Le projet de réforme prévoit donc que les revenus distribués par les OPCC soient désormais imposés en fonction de leur nature économique réelle: dividendes, intérêts ou plus-values. Les investisseurs seraient ainsi taxés comme s’ils détenaient directement les actifs sous-jacents du fonds. Pour les autorités, cette disposition permet d’aligner le système marocain sur les standards internationaux et d’assurer une meilleure cohérence fiscale. Sur le principe, la neutralité fiscale n’est pas remise en cause, mais sa mise en œuvre serait redéfinie.
«Cette évolution suscite néanmoins de fortes inquiétudes dans l’industrie du capital-investissement. Plusieurs gestionnaires de fonds redoutent une hausse de la complexité administrative, liée à la nécessité de catégoriser précisément chaque type de revenu», souligne Finances News Hebdo. D’autres anticipent un risque de baisse de la rentabilité nette pour les investisseurs, en particulier étrangers, ce qui pourrait détourner une partie des capitaux vers des juridictions plus compétitives. Selon un gestionnaire interrogé, la réforme pourrait «casser la dynamique du financement des PME marocaines au moment où le marché du private equity commençait à prendre son envol». Un directeur de société de gestion à Casablanca estime pour sa part que «même justifiée sur le fond, une modification fiscale peut créer un choc de confiance si elle n’est pas accompagnée de règles claires et stables».

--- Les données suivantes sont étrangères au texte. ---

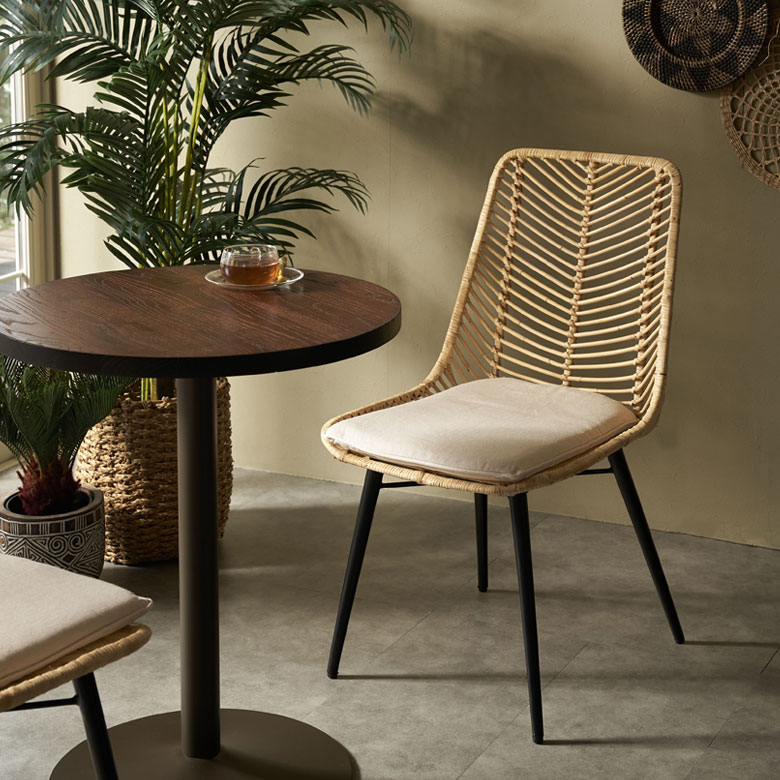 楽天市場】ラタンチェア チェア チェアー 1脚 単品 ラタン 籐 取り外し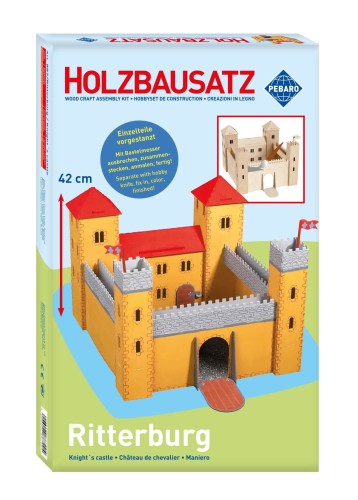 Mittelalter Holzspielzeug zum Basteln und Bemalen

Le ministère des Finances défend une approche équilibrée et insiste sur le fait que «chaque produit doit être imposé pour ce qu’il est, et non selon la forme qu’il prend à la sortie du fonds». La réforme s’inscrit dans la continuité de la loi-cadre 69-19, qui vise à refonder la fiscalité marocaine autour des principes d’équité, de clarté et de transparence, tout en réduisant certaines marges d’optimisation jugées excessives.
Les conséquences concrètes dépendront toutefois des modalités d’application. La nouvelle logique fiscale pourrait modifier la visibilité des investisseurs sur les rendements nets et complexifier leur planification. Les sociétés de gestion devront adapter leurs processus comptables et leurs outils de reporting, ce qui pourrait ralentir temporairement les levées de fonds. Les entreprises financées par les OPCC risquent également de ressentir cet impact, dans la mesure où une diminution de l’attractivité des fonds pourrait réduire les capitaux disponibles pour les PME et les ETI non cotées.
Plusieurs questions restent en suspens, notamment en ce qui concerne le calendrier d’entrée en vigueur et la possibilité d’un régime transitoire. Les opérateurs souhaitent savoir si les fonds existants seront soumis aux nouvelles règles au même titre que ceux qui seront créés après 2026. «Ces clarifications seront cruciales pour mesurer l’impact réel de la réforme et préserver la confiance du marché», conclut Finances News.